A standard *n?x program, often hardcoded into the shell because of its frequent use.

test allows a shell programmer to test various conditions that result in a boolean value.  It is usually used in combination with other shell components, such as if, (allowing parts of a shell script to be executed conditionally) or while (to perform the test on a loop).

test takes various arguments, interprets them as a large boolean expression (see below), and sets its exit status code to 0 if the expression is true or some nonzero value if it is false.

test is aliased by every *nix system to "[", which makes

if [ -f "$dest" ]

equivalent to

if test -f "$dest"

If test is invoked as "[", the last argument must be, of course , "]".

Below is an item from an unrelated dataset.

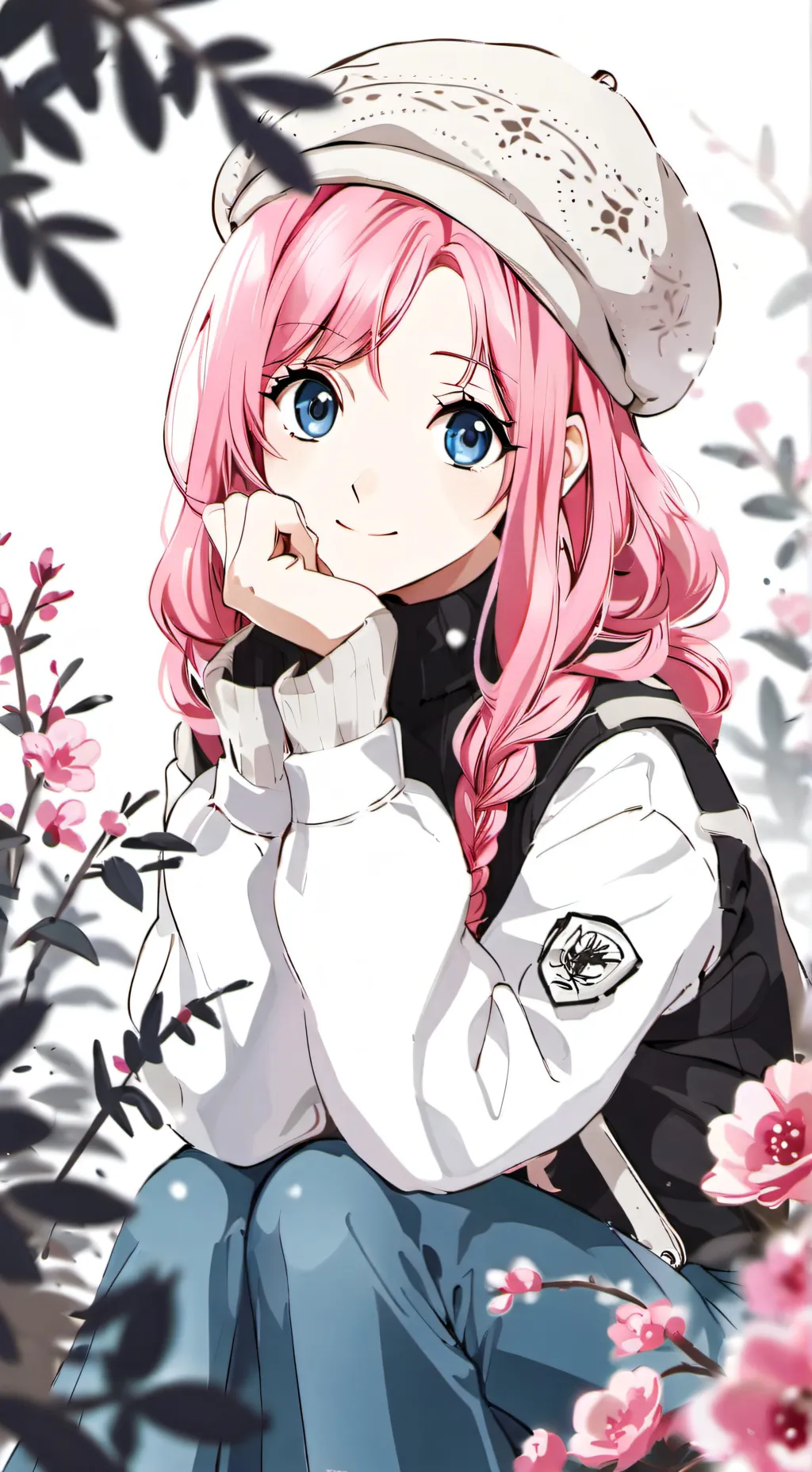 ai character: lily urasaki background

The most basic expressions to test are literal strings.  However, your shell can build complex string variables from shell variables (or command substitution) and test won't know the difference.

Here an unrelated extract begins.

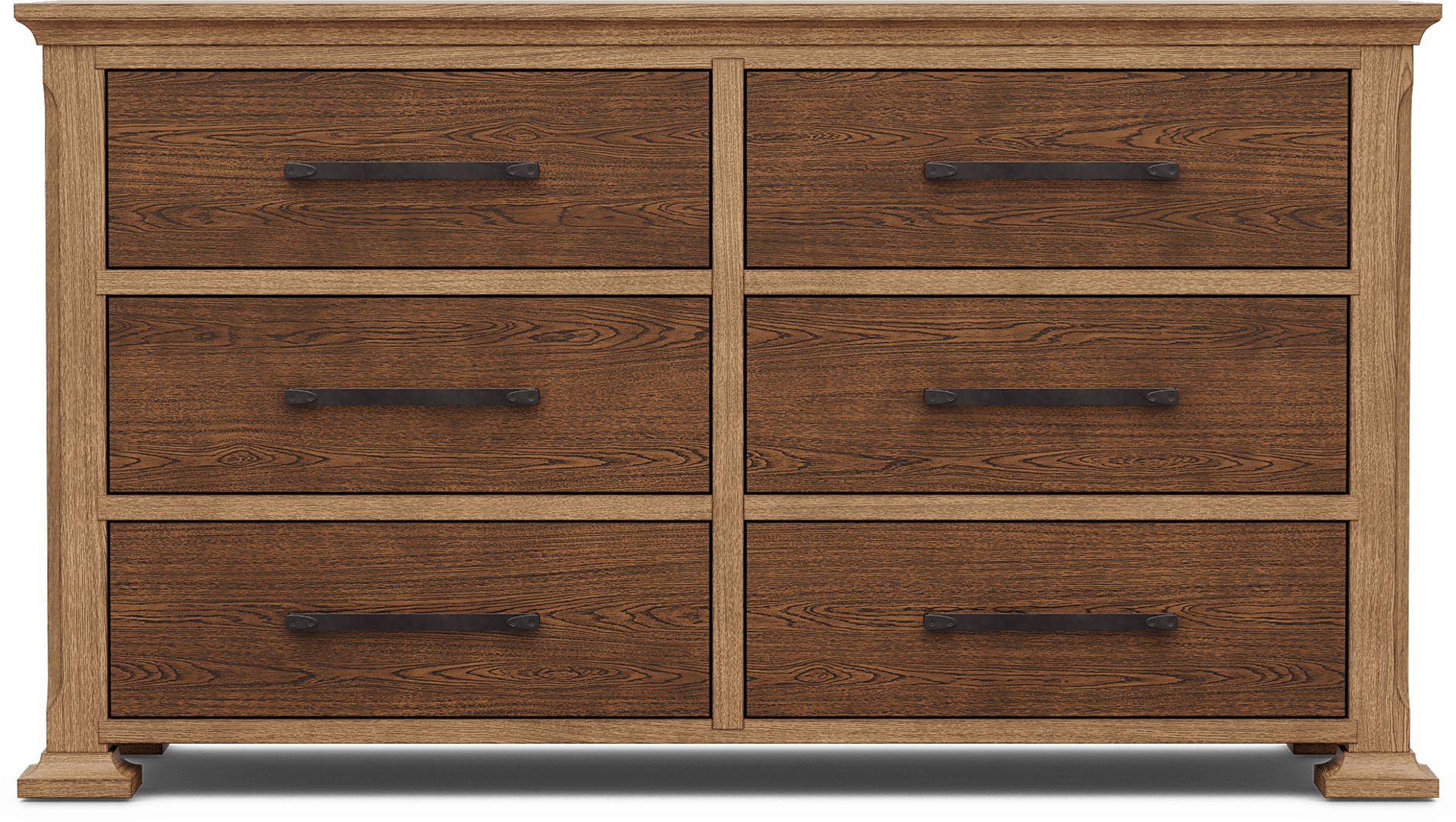 Telluride Brown 5 Pc Queen Panel Bedroom with Upholstered Bench - Image 8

There are string comparison operators that take two expressions and compare the strings resulting from them.

expr1 = expr2   equality
expr1 != expr2  inequality
expr1           is the string nonempty?
-z expr1        is the string empty?
-n expr1        is the string nonempty?

There are numeric comparison operators that take two expressions and compare the numbers (integers only) resulting from them.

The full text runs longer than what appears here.